This award provides support for theoretical studies of responsive liquid crystal polymers, a form of plastic that spontaneously changes shape under heating or cooling. Rod-shaped liquid crystal molecules bonded to the polymer's main chains are disordered in orientation at high temperature but align at low temperature, inducing the polymer chains to extend in a parallel direction, and as a result the material stretches when cooled. Some materials containing light-sensitive dyes also change shape in response to illumination. A sample prepared with a non-uniform imposed pattern of local molecular orientation, a process known as blueprinting, shows complex shape evolution as the induced stress/strain is not uniform. The blueprinted pattern thus encodes a complex trajectory of movement from an initial state, e.g. a flat thin film, to a final state that is folded, curved, or twisted, a form of programmed auto-origami. Computer simulation studies of this process will explore the mathematical relationship between blueprinted structures and the resulting shape change. These materials have potential application in robotics, light-driven mechanical devices, touch displays, biomedical devices, and switchable surface textures. Related studies will examine shape change, pattern formation, and phase behavior in lipid membranes and liquid crystals. Outreach efforts, including research internships for 60+ high school students and annual science fair for six school districts, attract students to STEM careers and aim to improve the diversity of the STEM workforce.

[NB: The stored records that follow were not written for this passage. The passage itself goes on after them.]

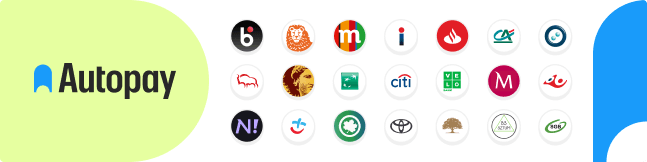 autopay_banner(1).png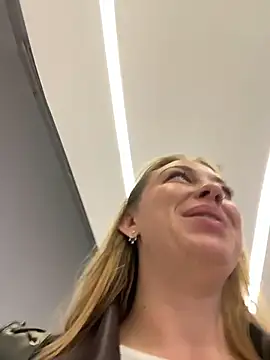 Sweet___Emily live sex cam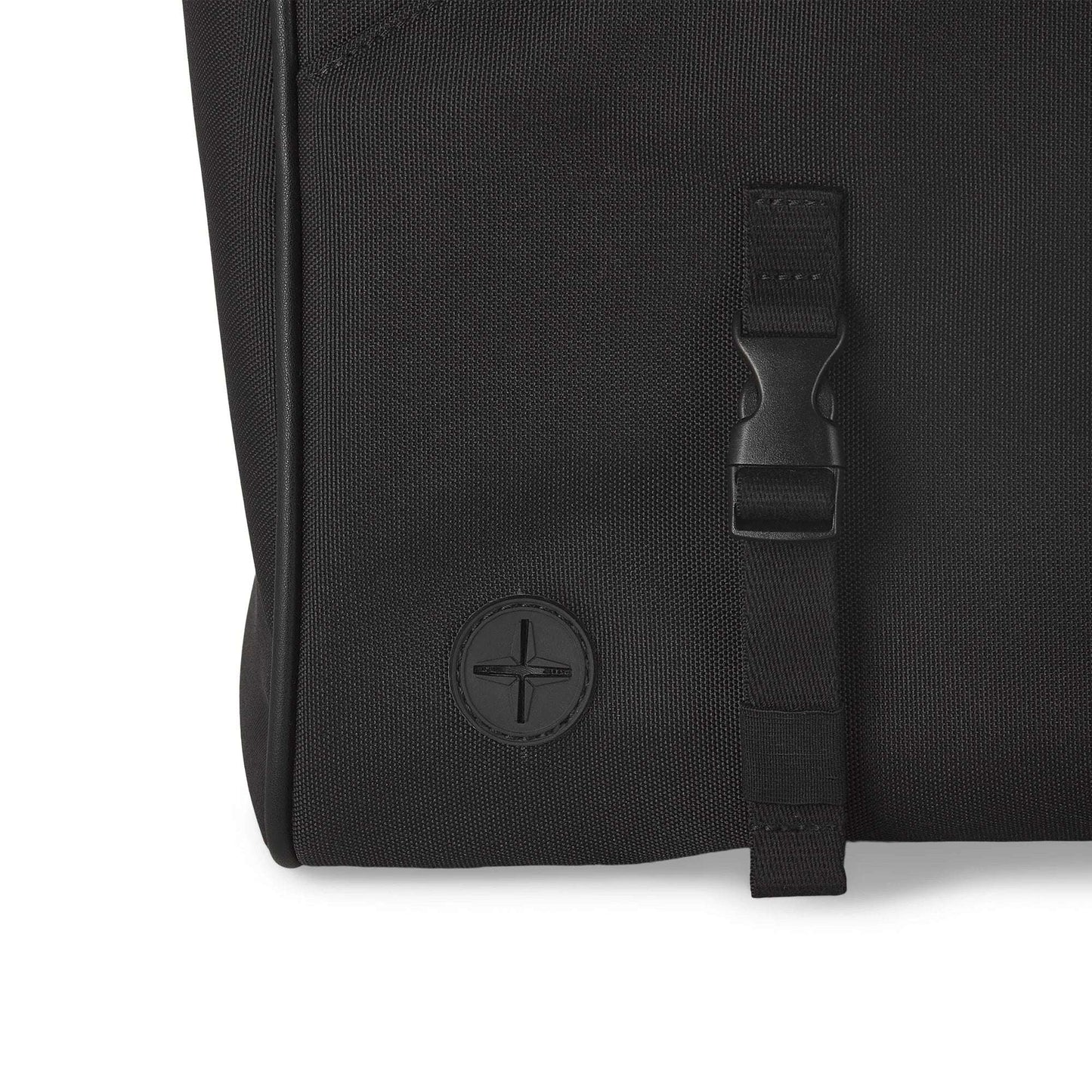 Bugatti Vacilando Pet Carrier Duffle Bag - Stiles Supply Co.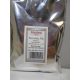 Feketebors egész 50 g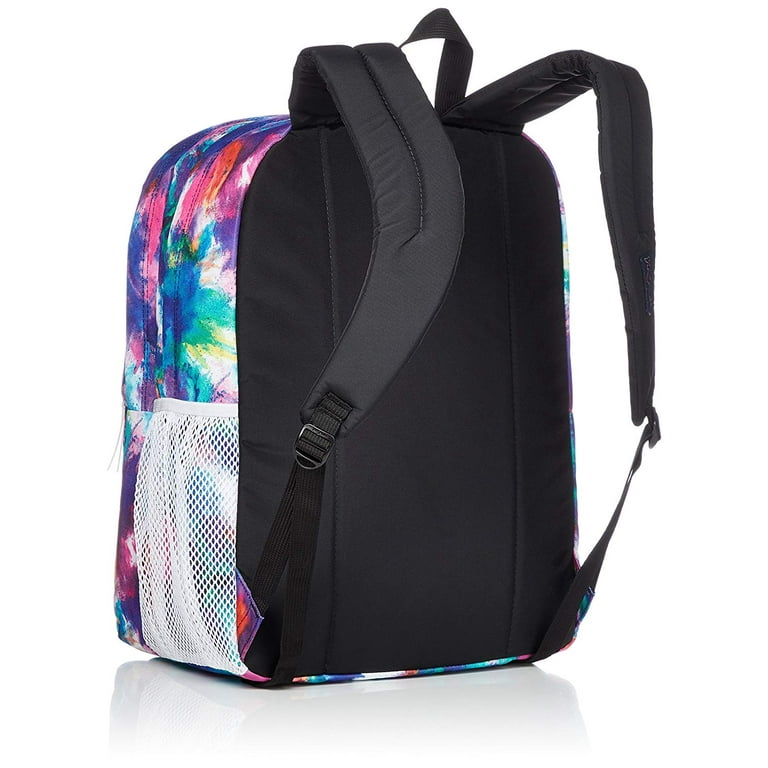 Jansport big student backpack dye bomb new arrivals
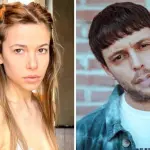 Ilaria Loriga: ecco chi è la fidanzata di Gazzelle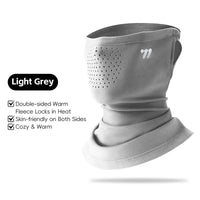 Light Gray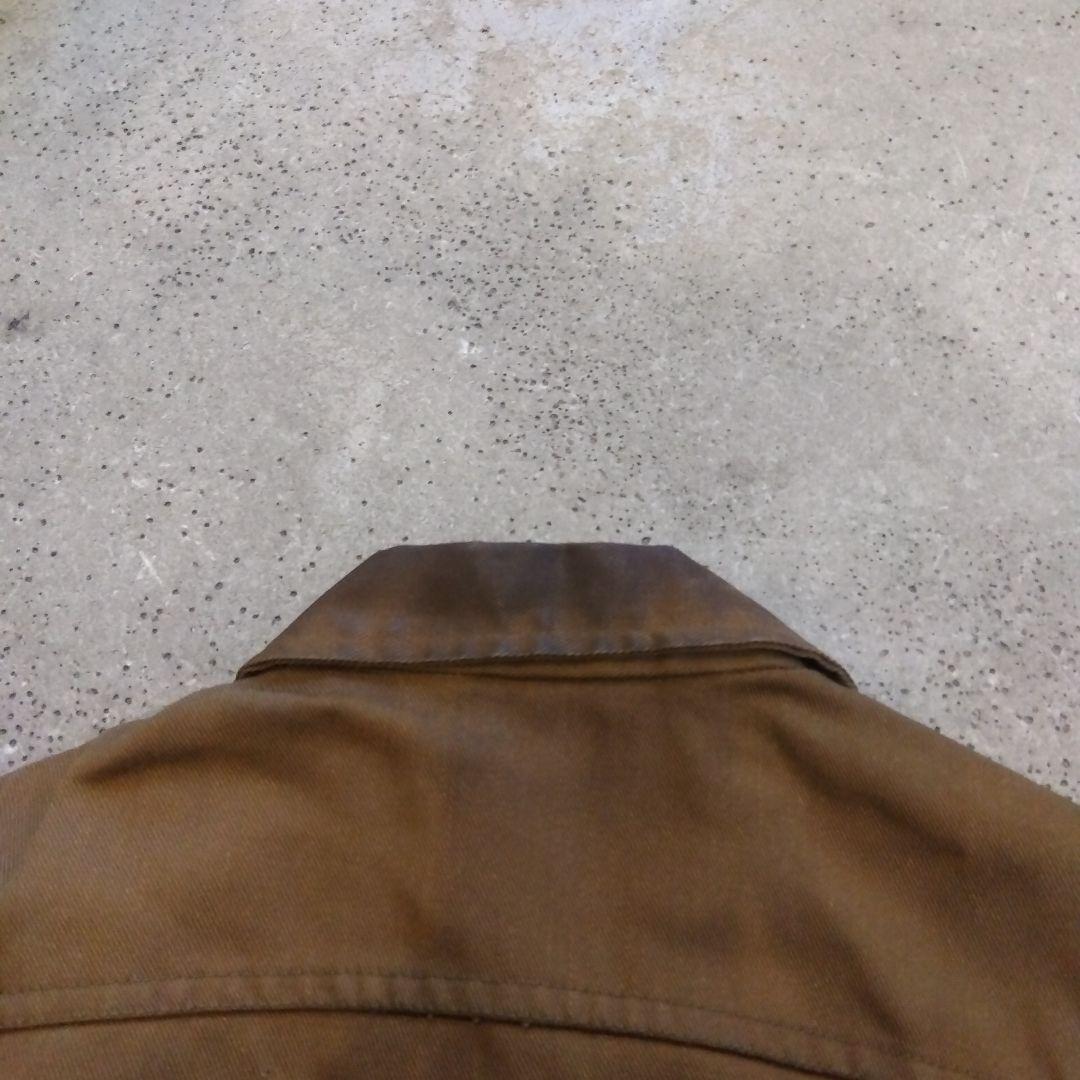 ヴィンテージ Lee リー Ｇジャン Lee RIDERS USA製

This award supports theoretical/computational research and education in soft matter physics. It combines computer simulation and fundamental theory to investigate mechanisms of microstructural/shape evolution and pattern formation in soft matter. The proposed theory/modeling studies of orientationally ordered lipid membranes and nematic solids are united by themes of differential geometry, curvature, topological defects, complex ordering and response, topology, and self-assembly. The principal problems to be investigated are: (1) Auto-origami: nematic solids as programmable, stimuli-responsive materials; (2) Lipid membranes: coupling of topological defects and curvature; (3) Phase transitions in liquid-crystal elastomers: kinetic evolution of polydomain structures; (4) Flexoelectricity in liquid crystals: formation of complex modulated phases. In all of these cases, the PI's will collaborate with experimental scientists to compare predictions with experiments on physical and biological systems.
This research is connected to fundamental problems in self-assembly, nonlinear elasticity, topological defects, and differential geometry. Potential applications of outcome of this research could include soft actuators, shape control of lipid vesicles for drug delivery, self-assembly of vesicles for photonic crystals, and new liquid-crystal display technologies and switchable surface textures.